• Problem requirements:
Using the listing below, copy exactly the lines from the one containing "Accident at ITI" to the one containing "Harlequin Listeria Chromogenic", both lines included, and no others.

• Entries shown:
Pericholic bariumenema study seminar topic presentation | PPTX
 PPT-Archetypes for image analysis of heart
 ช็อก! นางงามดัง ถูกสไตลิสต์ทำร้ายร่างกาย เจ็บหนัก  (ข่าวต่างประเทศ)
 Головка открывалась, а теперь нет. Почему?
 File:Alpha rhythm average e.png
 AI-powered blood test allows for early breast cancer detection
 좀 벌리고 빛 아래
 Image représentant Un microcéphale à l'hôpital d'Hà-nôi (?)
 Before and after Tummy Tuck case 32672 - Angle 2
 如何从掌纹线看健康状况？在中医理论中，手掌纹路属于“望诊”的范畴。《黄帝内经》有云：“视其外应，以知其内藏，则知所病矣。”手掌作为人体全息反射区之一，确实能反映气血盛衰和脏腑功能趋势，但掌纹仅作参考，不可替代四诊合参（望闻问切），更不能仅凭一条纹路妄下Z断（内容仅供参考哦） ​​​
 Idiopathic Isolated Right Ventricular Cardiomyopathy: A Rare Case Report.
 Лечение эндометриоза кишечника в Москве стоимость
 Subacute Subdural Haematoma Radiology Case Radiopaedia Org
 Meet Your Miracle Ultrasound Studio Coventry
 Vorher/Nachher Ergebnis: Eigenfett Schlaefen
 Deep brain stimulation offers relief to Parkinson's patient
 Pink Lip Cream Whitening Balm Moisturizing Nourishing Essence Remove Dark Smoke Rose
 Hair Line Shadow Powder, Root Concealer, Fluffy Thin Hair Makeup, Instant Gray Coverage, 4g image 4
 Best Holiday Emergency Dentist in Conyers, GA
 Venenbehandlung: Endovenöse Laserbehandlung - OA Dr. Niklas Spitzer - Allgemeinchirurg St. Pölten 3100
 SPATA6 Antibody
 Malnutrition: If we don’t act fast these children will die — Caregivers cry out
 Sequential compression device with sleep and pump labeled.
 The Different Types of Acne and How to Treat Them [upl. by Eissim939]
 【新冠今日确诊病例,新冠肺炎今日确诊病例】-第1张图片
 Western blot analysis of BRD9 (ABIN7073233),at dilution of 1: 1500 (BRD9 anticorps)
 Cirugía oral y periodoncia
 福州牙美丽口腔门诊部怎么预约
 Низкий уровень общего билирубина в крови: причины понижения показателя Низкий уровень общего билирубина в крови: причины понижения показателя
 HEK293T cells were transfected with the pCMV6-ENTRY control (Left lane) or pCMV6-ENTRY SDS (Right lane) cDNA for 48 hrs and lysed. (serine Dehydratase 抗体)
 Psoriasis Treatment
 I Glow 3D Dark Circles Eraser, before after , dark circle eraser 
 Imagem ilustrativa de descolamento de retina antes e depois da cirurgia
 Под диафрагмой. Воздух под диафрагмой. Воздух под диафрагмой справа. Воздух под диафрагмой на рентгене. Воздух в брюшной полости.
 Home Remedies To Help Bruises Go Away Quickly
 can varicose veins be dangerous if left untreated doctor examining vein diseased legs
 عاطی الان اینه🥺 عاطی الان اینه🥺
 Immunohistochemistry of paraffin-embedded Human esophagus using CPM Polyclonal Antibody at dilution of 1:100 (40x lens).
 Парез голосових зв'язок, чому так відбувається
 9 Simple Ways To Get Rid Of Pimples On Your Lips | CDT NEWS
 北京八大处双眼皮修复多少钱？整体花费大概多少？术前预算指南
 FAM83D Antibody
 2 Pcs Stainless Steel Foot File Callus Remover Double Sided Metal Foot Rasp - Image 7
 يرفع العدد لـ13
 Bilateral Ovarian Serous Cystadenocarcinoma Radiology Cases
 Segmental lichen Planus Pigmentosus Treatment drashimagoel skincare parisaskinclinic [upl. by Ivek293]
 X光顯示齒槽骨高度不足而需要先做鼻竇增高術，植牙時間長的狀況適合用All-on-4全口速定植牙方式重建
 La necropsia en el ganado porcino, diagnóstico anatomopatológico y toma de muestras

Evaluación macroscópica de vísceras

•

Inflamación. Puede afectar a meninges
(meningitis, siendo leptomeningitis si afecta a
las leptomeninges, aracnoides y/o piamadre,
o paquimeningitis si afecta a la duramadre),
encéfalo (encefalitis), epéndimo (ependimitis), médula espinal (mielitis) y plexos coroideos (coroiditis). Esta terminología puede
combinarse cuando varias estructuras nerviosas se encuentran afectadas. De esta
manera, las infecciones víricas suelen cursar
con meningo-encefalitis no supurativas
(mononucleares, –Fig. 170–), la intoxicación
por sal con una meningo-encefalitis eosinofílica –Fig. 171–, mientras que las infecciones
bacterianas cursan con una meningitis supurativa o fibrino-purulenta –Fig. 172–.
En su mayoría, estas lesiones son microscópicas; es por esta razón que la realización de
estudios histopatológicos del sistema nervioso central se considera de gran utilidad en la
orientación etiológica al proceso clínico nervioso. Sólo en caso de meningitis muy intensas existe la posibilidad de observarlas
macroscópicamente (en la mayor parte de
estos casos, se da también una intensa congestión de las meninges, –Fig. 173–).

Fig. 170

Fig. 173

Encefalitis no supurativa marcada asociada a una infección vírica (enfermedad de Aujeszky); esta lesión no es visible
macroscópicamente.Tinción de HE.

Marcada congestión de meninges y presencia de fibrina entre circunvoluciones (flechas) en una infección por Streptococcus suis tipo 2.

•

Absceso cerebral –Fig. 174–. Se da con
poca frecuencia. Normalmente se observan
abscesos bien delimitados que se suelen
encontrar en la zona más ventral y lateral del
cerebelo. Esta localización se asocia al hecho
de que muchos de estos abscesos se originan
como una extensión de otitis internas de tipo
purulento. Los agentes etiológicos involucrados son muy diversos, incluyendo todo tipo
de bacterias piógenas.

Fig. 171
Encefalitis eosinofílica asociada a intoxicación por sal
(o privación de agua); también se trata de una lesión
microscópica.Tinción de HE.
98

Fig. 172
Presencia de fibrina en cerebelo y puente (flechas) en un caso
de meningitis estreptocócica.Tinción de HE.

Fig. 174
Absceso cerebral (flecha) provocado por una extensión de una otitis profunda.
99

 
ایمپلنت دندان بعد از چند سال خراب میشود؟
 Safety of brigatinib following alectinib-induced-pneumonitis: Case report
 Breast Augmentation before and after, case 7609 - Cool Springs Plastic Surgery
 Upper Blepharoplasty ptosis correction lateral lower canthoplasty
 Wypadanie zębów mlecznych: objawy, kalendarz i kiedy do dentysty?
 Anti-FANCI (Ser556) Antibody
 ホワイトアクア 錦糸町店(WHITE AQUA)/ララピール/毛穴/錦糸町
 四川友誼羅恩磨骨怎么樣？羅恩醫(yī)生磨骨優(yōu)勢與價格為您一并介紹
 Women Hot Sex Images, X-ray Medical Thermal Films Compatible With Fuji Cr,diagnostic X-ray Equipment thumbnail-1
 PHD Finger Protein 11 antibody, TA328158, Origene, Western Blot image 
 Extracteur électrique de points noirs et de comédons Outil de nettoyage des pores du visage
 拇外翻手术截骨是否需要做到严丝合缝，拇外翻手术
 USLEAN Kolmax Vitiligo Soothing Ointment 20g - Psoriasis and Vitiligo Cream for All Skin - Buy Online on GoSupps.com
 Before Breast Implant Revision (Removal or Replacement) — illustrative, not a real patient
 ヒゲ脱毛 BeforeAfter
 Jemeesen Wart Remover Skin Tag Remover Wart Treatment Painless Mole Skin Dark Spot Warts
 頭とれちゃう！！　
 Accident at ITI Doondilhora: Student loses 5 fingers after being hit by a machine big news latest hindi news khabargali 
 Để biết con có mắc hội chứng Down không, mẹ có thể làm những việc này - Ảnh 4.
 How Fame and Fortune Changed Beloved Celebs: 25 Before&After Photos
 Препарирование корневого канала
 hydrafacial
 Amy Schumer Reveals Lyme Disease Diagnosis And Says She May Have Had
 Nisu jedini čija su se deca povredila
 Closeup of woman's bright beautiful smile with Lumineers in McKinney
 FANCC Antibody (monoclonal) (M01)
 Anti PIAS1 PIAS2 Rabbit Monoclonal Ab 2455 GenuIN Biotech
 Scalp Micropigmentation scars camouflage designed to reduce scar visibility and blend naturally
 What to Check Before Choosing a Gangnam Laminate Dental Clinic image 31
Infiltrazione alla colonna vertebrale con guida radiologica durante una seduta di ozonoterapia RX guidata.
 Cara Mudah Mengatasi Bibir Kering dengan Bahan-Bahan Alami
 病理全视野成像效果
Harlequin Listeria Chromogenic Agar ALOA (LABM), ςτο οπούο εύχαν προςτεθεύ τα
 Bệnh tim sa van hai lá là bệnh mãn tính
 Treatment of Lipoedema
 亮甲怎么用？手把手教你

• Solution for this task:
 Accident at ITI Doondilhora: Student loses 5 fingers after being hit by a machine big news latest hindi news khabargali 
 Để biết con có mắc hội chứng Down không, mẹ có thể làm những việc này - Ảnh 4.
 How Fame and Fortune Changed Beloved Celebs: 25 Before&After Photos
 Препарирование корневого канала
 hydrafacial
 Amy Schumer Reveals Lyme Disease Diagnosis And Says She May Have Had
 Nisu jedini čija su se deca povredila
 Closeup of woman's bright beautiful smile with Lumineers in McKinney
 FANCC Antibody (monoclonal) (M01)
 Anti PIAS1 PIAS2 Rabbit Monoclonal Ab 2455 GenuIN Biotech
 Scalp Micropigmentation scars camouflage designed to reduce scar visibility and blend naturally
 What to Check Before Choosing a Gangnam Laminate Dental Clinic image 31
Infiltrazione alla colonna vertebrale con guida radiologica durante una seduta di ozonoterapia RX guidata.
 Cara Mudah Mengatasi Bibir Kering dengan Bahan-Bahan Alami
 病理全视野成像效果
Harlequin Listeria Chromogenic Agar ALOA (LABM), ςτο οπούο εύχαν προςτεθεύ τα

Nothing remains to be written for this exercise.